EXERCISE DIRECTIONS
Using the data beneath this instruction, retype only the lines from the one that contains "Bé trai nguy" down to the one that contains "Этапы жизненного цикла", both included, exactly as they appear.

GIVEN DATA

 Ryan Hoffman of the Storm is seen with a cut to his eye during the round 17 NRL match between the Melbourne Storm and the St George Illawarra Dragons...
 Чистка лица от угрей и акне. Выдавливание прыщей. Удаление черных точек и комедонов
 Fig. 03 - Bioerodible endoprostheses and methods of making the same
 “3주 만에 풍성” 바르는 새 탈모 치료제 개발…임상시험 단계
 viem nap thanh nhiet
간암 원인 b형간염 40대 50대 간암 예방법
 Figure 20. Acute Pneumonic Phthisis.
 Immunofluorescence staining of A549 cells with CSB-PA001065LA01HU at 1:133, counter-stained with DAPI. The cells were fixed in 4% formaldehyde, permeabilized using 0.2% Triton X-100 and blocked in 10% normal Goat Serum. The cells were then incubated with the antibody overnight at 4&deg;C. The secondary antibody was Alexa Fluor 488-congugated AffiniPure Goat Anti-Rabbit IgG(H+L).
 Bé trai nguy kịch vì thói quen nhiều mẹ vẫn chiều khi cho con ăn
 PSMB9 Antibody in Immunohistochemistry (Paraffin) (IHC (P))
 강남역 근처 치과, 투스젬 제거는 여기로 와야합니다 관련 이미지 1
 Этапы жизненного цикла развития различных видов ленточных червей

...

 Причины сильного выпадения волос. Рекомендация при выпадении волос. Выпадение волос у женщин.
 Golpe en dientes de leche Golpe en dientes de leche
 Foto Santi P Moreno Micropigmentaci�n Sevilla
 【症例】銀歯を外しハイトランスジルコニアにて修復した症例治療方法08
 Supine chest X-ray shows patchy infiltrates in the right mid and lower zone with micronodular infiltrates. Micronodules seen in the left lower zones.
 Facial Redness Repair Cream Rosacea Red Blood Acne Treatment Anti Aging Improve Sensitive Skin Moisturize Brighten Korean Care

COMPLETED TASK
 Bé trai nguy kịch vì thói quen nhiều mẹ vẫn chiều khi cho con ăn
 PSMB9 Antibody in Immunohistochemistry (Paraffin) (IHC (P))
 강남역 근처 치과, 투스젬 제거는 여기로 와야합니다 관련 이미지 1
 Этапы жизненного цикла развития различных видов ленточных червей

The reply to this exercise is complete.